Four years earlier, on Sunday 04 November 1956, former First Lady Eleanor Roosevelt and the senior senator from Maine, Margaret Chase Smith, met on television for the first televised debate in a presidential campaign. Two days before the election, the two were proxies for when Adlai Stevenson (D) who was challenging incumbent president Dwight Eisenhower (R).

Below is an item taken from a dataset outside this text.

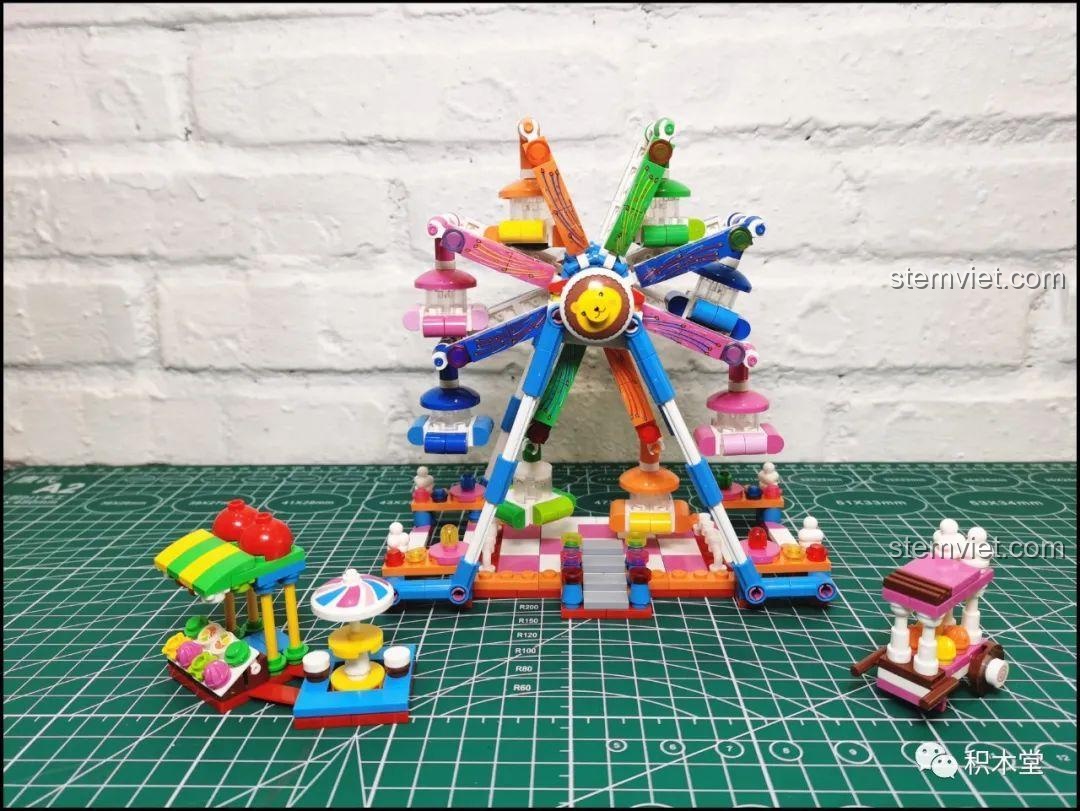 Mô hình Vòng Quay Ferris Wheel Yunri 66111 đã hoàn thành, với các chi tiết sống động và màu sắc tươi sáng, sẵn sàng trưng bày.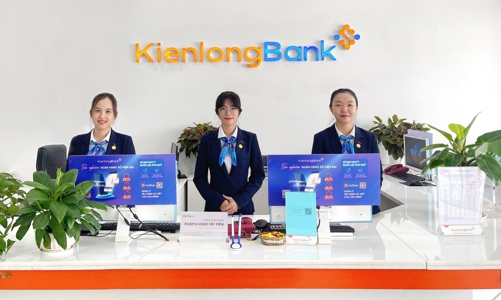 Nữ giao dịch viên KienlongBank kịp thời ngăn chặn khách hàng chuyển tiền cho đối tượng lừa đảo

When the 1956 campaign began, Roosevelt emerged as Adlai Stevenson’s strongest advocate. She played such a crucial role in cinching his nomination that she became known as the “Heroine of the Convention” and then proved to be a skilled campaigner. Senator Smith also was a seasoned politician by this time. She gained national attention in 1950 when she took on Joe McCarthy, became the first woman to serve on the Armed Services Committee in 1953, and in 1954 easily trounced her opponent to gain reelection. When the Republican National Committee was looking for a worthy opponent for Eleanor Roosevelt, Smith was the logical choice.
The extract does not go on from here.